Identify the causes.
Articulate the hazards in developmental terminology. The purpose (and ultimately your grade) of this assignment is to provide an opportunity to demonstrate your application of theoretical concepts and terms. Do no simply describe the case.
Make some prediction as to the probable outcome without intervention.
Present an intervention, which may prevent or at least mediate the harm.
Mr. and Mrs. Gannon had reached the end of a long and tortuous journey that took them from the bureaucracies of adoption agencies, the state department, and the Russian authorities to the little orphanage on the outskirts of Kiev. After an entire year they were introduced to their adopted daughter, Irina, who was 18 months old. Within hours they were on a flight to New York and from there to their cozy suburban home in Scranton, Pennsylvania.
The beginnings for all three of them were difficult. Irina was not comfortable with her new parents at first because she had spent most of her life in a single room with 23 other children. And for most of her life she was restricted to her 30-by-48-inch crib, with only a few moments of exercise each day. Her diet had been a combination of diluted and whole milk for the first six months of her life, and then cereal, soups, and some chicken broth since then. She had never been read to and, beyond some cursory talk from the attendants, had not experienced interactive contact with any single person. Music was often played in the orphanage and some of the attendants would sing, joke, and laugh, so the atmosphere was not entirely harsh. For her entire life, she had been out of doors for an exact total of 90 hours—or one hour every Sunday afternoon.
As a result of this deprivation, Irina’s behavior patterns were erratic; sometimes she was extremely unruly, whereas at other times she was almost pathologically still. Of course, she was still in diapers and she recoiled at the use of the toilet, something she had never seen. She slept fitfully and often lingered by the front window, always in the rays of the sun.
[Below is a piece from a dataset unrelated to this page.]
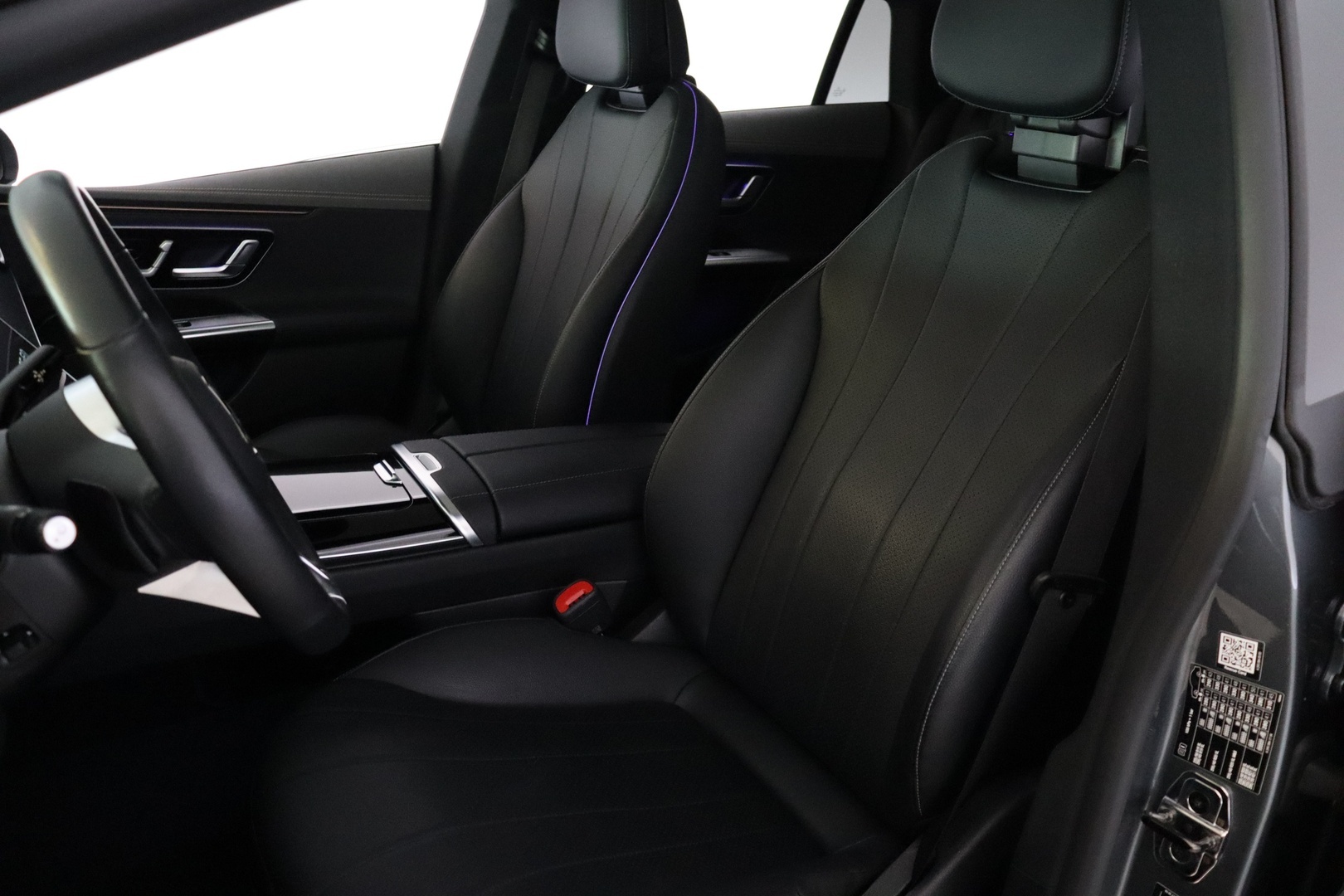 MERCEDES-BENZ EQE 2024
Mr. Gannon was a stockbroker and Mrs. Gannon a teacher. They placed Irina in a day care center two weeks after she was brought to their home. The center was highly rated, very expensive, and catered exclusively to parents of high income. Each staff member was certified in early child care and licensed by the state. The center boasted the latest techniques and equipment to meet the developmentally appropriate standards recommended by the state and the National Association of the Education of Young Children. On her first day, Irina sat on her sleeping mat for the entire time and did not move until her parents came at 4:30 to pick her up.